* **About this task**
From the records below, output exactly the lines starting at the line with "Hello, my name" and ending at the line with "Welcome to the", both of them included, but no pictures.

:: Supplied material ::

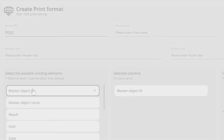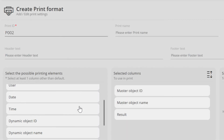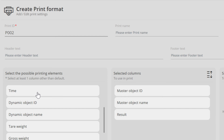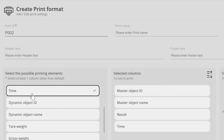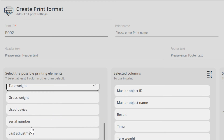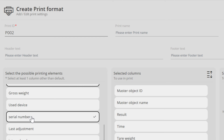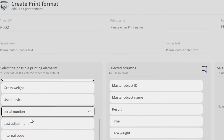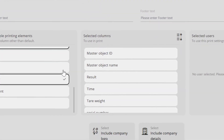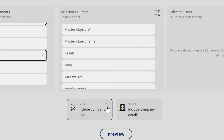The user can decide which data fields are printed. In the settings, the user can decide whether unstable weighing values may be stored and printed or not. The printout can be displayed with the address and logo of the user.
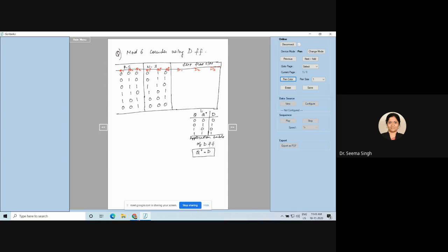For JK flip-flop you have memory, set, reset, toggle — many things. But for a D flip-flop, the output equals the input with one clock cycle delay. So Q+ depends upon the D input; it does not mainly depend on the present state Q. Whatever you want Q+ to be should be the excitation input D. The application table of a clocked D flip-flop gives Q+ equal to D.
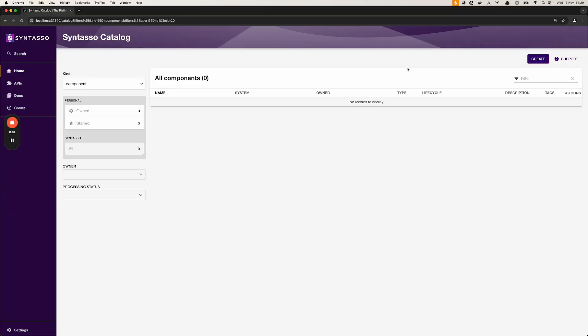Hello, my name is Shane and today we're going to be demonstrating how you can integrate Kratix with Backstage.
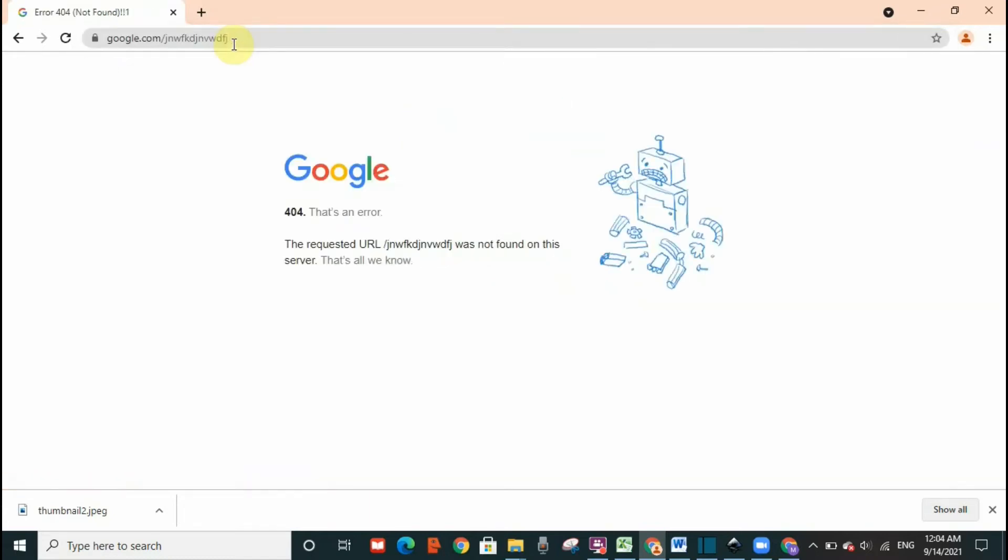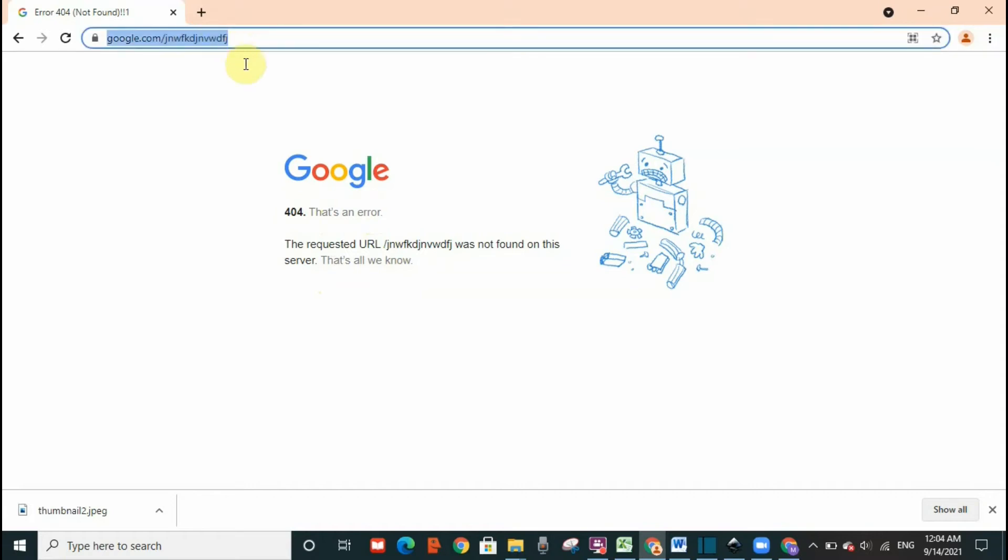I'm going to click enter and this is error 404. The requested URL was not found on the server. That's all we know. So you're getting this error because I have typed a wrong URL.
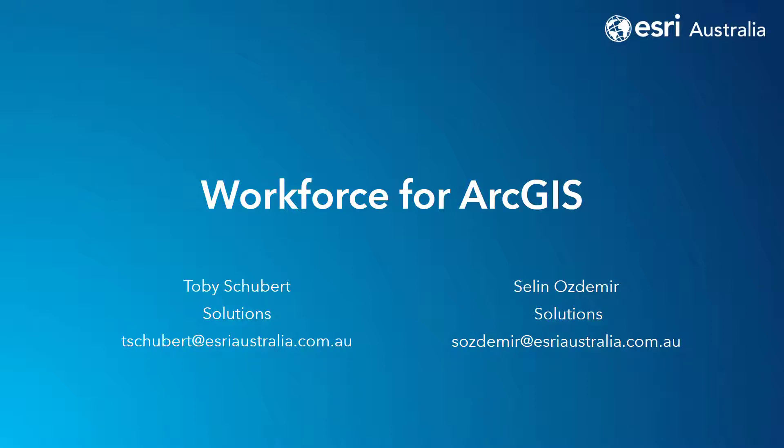Welcome to the introduction to Workforce for ArcGIS. I'm Toby from the ESRI Australia Solutions team and I'm going to show you how Workforce for ArcGIS is used to assign tasks to workers in the field and report jobs done back to the office.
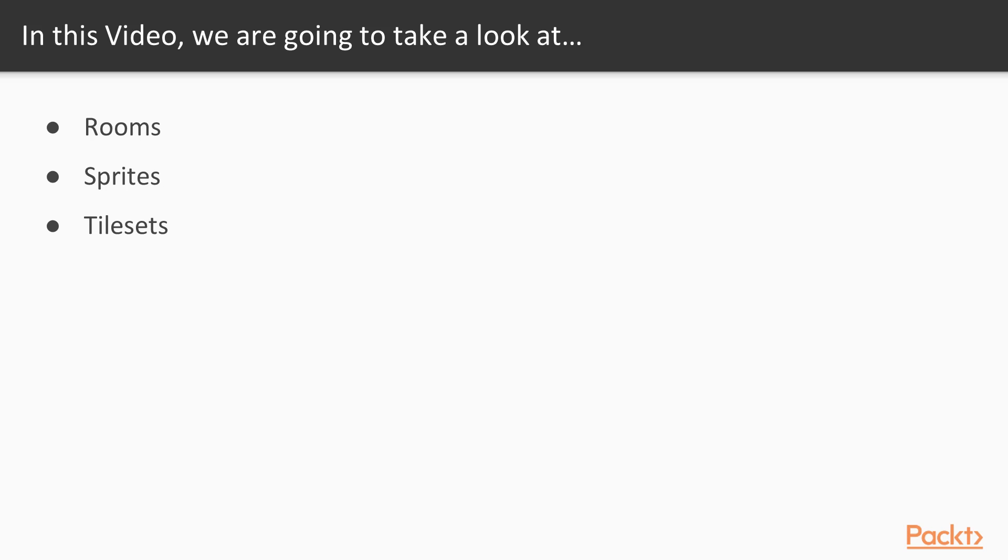In this video, we'll begin looking at the available resources in GameMaker Studio 2. We'll start with rooms, then move on to sprites, and finally, tilesets.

:::

* **Task solution**
Hello, my name is Shane and today we're going to be demonstrating how you can integrate Kratix with Backstage.
I'm going to click enter and this is error 404. The requested URL was not found on the server. That's all we know. So you're getting this error because I have typed a wrong URL.
Welcome to the introduction to Workforce for ArcGIS. I'm Toby from the ESRI Australia Solutions team and I'm going to show you how Workforce for ArcGIS is used to assign tasks to workers in the field and report jobs done back to the office.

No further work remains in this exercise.